Baca berita tanpa iklan. Gabung Kompas.com+
Kompas.com - 28/04/2017, 20:44 WIB

oleh: Refly Harun

Sudah terbilang hampir satu bulan trio Oesman Sapta, Nono Sampono, dan Darmayanti Lubis duduk di singgasana tampuk pimpinan Dewan Perwakilan Daerah.

Meski prosesnya dinilai banyak orang ilegal, setidaknya dalam kacamata ahli hukum tata negara yang terhimpun dalam Asosiasi Pengajar Hukum Tata Negara dan Hukum Administrasi Negara (APHTN-HAN), gonjang-ganjing tentang pemilihan itu mulai meredup. Publik mulai amnesia dengan kesewenang-wenangan pemilihan pimpinan DPD tersebut. Pimpinan yang legal mulai dilupakan.

Padahal jelas, tidak ada argumentasi hukum yang dapat membenarkannya. Hal ini menjadi alarm bagi negara hukum Indonesia, bagaimana mungkin sebuah lembaga negara menginjak-injak hukum, tanpa ada perlawanan dari pihak-pihak yang dipinggirkan, demikian juga dari publik.

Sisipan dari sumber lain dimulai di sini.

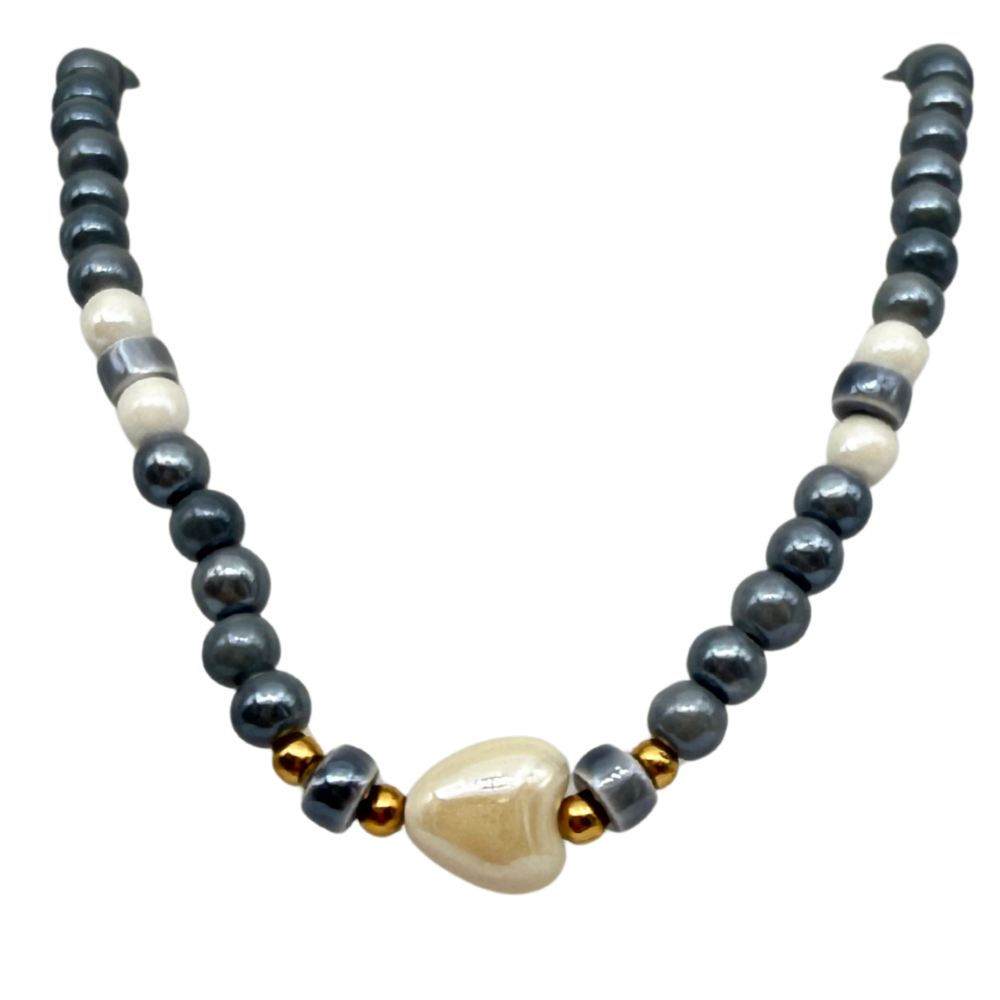 Collana Grigio Topo e White heart in Acciaio Gold
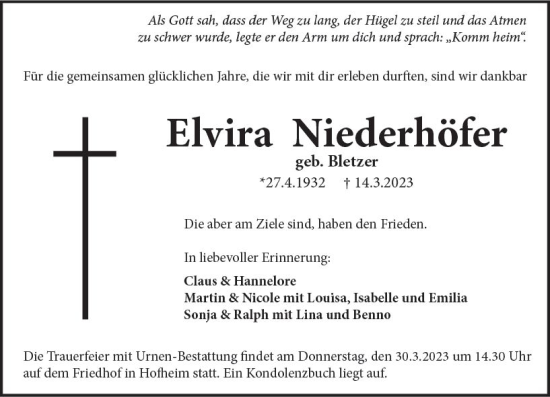 Traueranzeige von Elvira Niederhöfer von Starkenburger Echo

Agar tidak terjadi amnesia berkepanjangan, tulisan ini dimaksud untuk merekonstruksi kasus pemilihan pimpinan DPD tersebut berikut alternatif penyelesaian kasus, sekaligus mendorong pihak-pihak yang dipinggirkan (terutama pimpinan yang sah) untuk menempuh jalur legal-konstitusional agar tidak ada pembiaran terhadap pelanggaran hukum yang luar biasa tersebut.

Etis dan yuridis

Gonjang-ganjing pembatasan jabatan pimpinan DPD dari lima tahun menjadi 2,5 tahun sudah mencuat sejak 2015, tidak lama setelah trio Irman Gusman, GKR Hemas, dan Farouk Muhammad terpilih sebagai pimpinan DPD periode 2014-2019. Pemicunya, antara lain, ketidakpuasan terhadap kinerja Irman Gusman sebagai Ketua DPD, yang terpilih untuk kedua kalinya setelah sebelumnya menjabat pada periode 2009-2014. Irman juga menjadi Wakil Ketua DPD periode 2004-2009. Bisa dibilang, ia satu-satunya pimpinan lembaga negara yang terpilih berkali-kali.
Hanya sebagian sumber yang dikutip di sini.